[Stored data entries]

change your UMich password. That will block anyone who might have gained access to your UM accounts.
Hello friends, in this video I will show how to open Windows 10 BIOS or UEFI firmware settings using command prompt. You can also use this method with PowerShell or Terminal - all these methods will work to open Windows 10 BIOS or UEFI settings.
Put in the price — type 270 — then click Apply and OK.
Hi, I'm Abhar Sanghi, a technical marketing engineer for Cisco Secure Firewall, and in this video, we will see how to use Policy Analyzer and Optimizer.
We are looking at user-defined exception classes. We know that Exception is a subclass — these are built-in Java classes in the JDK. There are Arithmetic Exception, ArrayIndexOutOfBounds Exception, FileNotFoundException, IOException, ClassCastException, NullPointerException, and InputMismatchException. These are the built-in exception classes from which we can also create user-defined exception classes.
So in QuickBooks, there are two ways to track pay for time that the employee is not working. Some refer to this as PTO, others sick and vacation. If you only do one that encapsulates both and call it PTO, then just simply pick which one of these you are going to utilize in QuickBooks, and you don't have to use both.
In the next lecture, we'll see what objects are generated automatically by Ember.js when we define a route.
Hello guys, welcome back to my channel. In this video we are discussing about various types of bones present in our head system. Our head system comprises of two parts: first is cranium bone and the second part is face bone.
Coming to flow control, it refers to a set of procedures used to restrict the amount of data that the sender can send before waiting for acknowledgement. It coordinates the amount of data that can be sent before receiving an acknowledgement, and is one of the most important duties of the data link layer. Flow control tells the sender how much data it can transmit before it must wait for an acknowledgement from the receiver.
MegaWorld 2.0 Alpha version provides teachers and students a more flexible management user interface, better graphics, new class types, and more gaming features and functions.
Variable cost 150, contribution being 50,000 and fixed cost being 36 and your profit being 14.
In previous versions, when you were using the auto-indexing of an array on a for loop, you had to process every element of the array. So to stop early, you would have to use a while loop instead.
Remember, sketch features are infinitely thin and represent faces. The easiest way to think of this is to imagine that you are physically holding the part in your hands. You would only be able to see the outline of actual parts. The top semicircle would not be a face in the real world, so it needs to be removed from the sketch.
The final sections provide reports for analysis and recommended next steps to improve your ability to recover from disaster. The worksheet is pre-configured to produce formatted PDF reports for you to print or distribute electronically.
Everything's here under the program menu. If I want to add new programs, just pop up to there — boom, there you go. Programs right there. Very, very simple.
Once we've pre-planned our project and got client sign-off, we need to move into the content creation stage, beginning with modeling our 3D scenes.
--
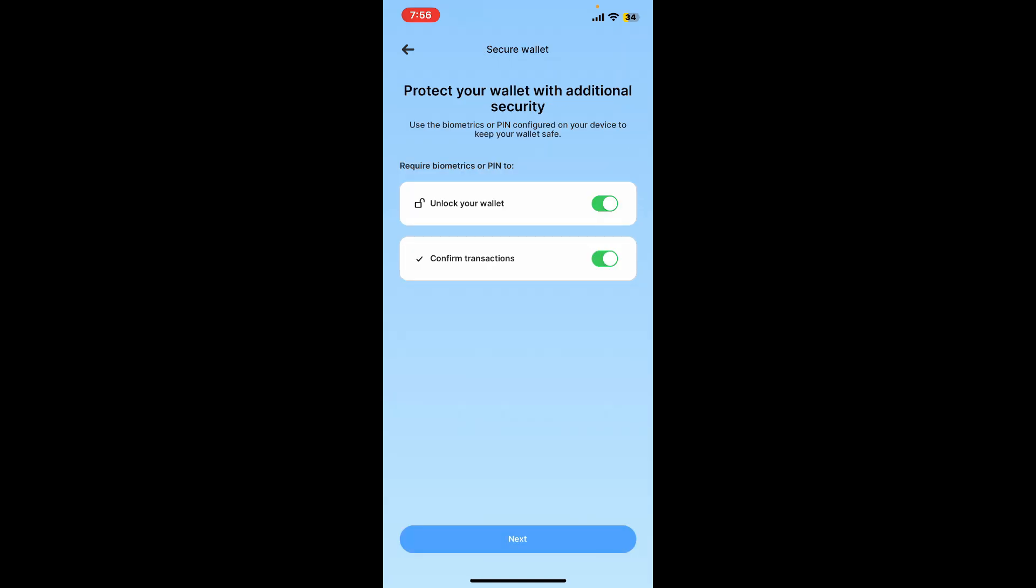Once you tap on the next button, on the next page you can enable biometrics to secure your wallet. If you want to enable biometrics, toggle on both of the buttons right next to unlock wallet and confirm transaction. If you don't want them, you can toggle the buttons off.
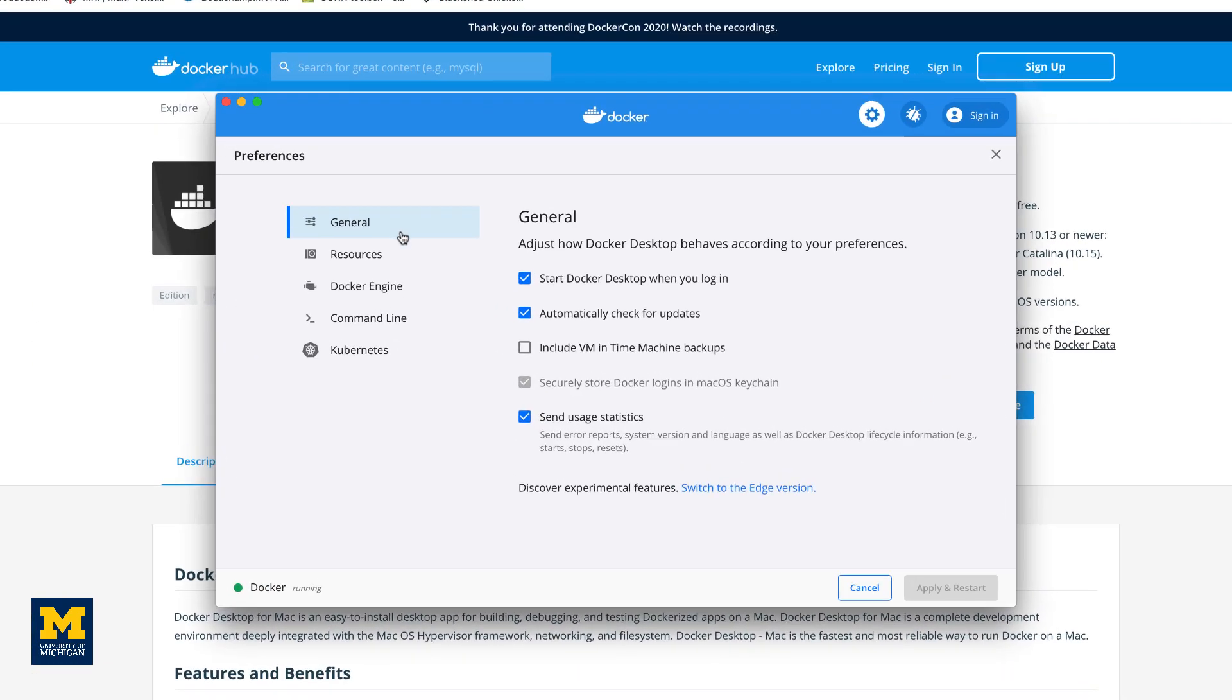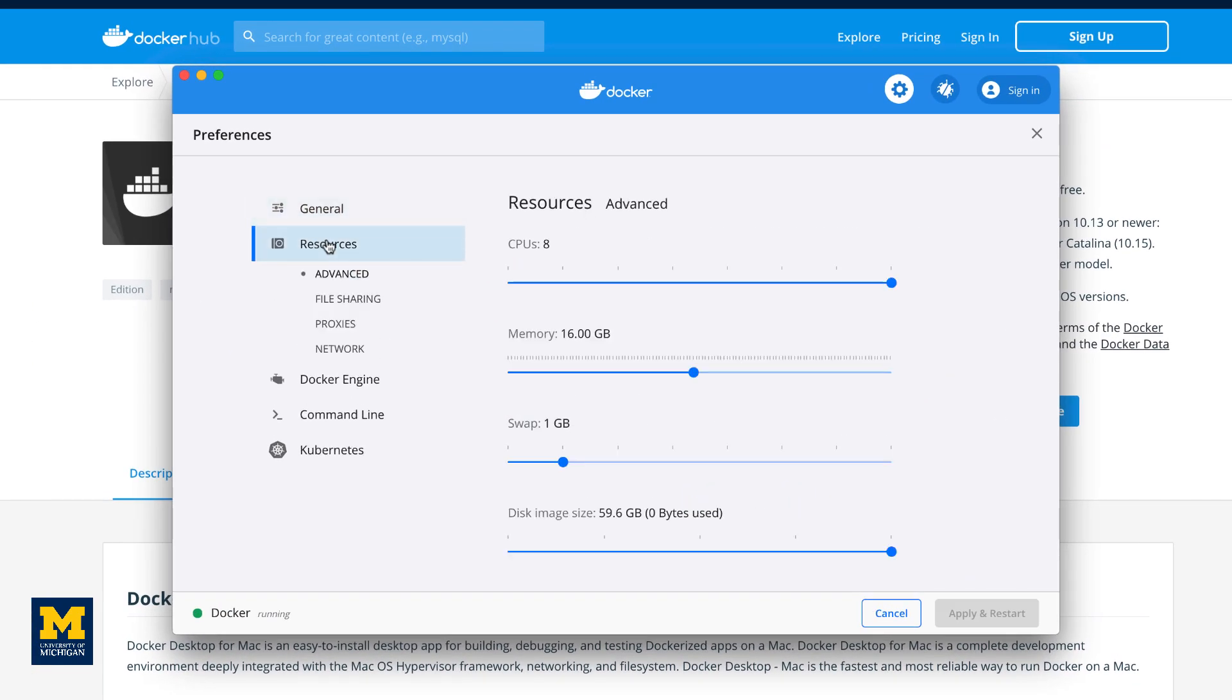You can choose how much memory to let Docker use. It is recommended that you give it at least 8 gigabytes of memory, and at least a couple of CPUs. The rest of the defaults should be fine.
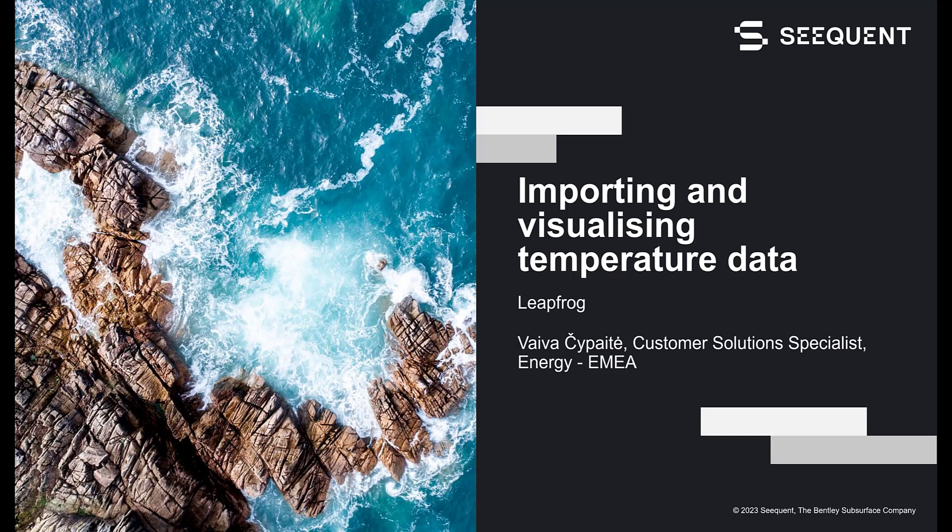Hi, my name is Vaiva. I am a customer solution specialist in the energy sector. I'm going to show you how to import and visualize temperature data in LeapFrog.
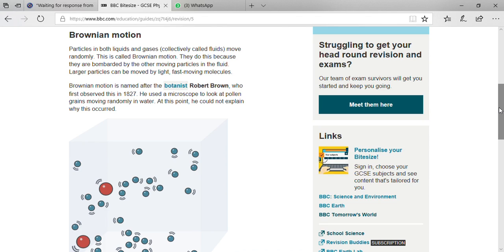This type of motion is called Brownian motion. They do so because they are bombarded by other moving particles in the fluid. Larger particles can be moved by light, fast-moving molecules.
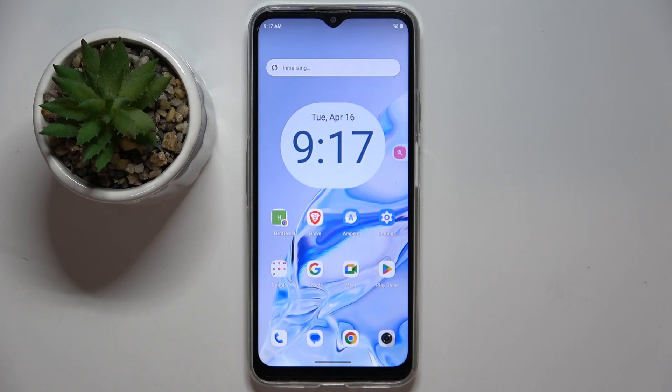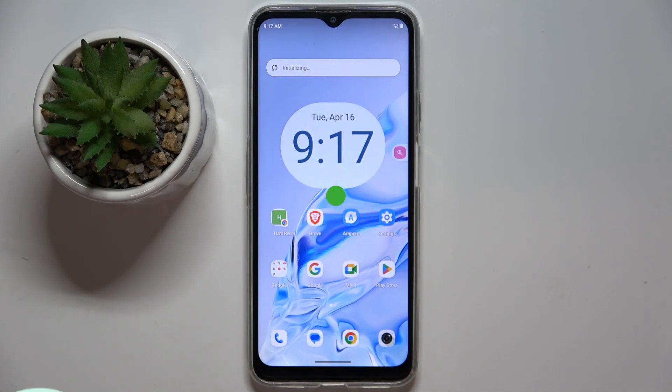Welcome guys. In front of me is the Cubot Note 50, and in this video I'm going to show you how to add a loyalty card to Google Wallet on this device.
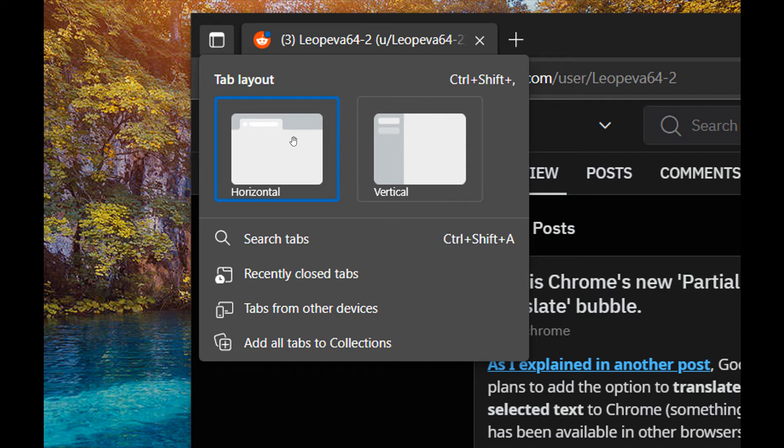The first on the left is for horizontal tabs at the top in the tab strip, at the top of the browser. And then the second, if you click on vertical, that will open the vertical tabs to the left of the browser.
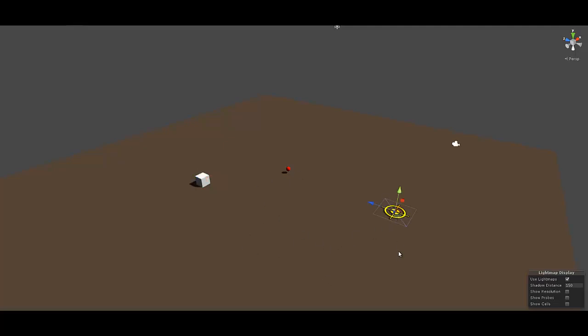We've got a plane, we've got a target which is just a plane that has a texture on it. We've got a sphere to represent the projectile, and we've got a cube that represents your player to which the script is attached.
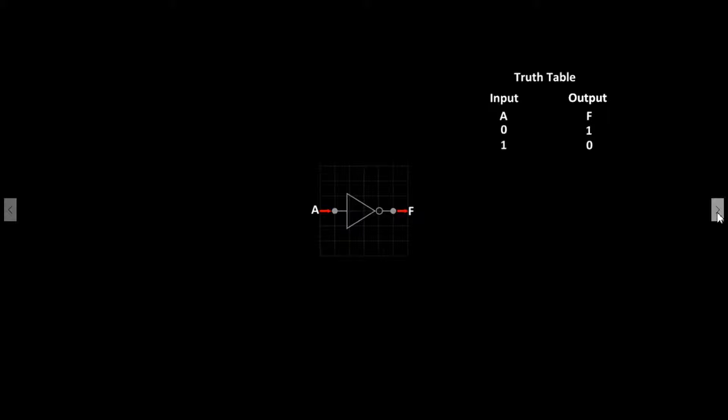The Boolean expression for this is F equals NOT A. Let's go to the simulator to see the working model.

#### About this task:
An exact copy is needed of the stretch above that opens with the line containing "We've got a plane, we've" and closes with the line containing "The Boolean expression"; the pictures are not part of it.

#### Reply:
We've got a plane, we've got a target which is just a plane that has a texture on it. We've got a sphere to represent the projectile, and we've got a cube that represents your player to which the script is attached.
The Boolean expression for this is F equals NOT A. Let's go to the simulator to see the working model.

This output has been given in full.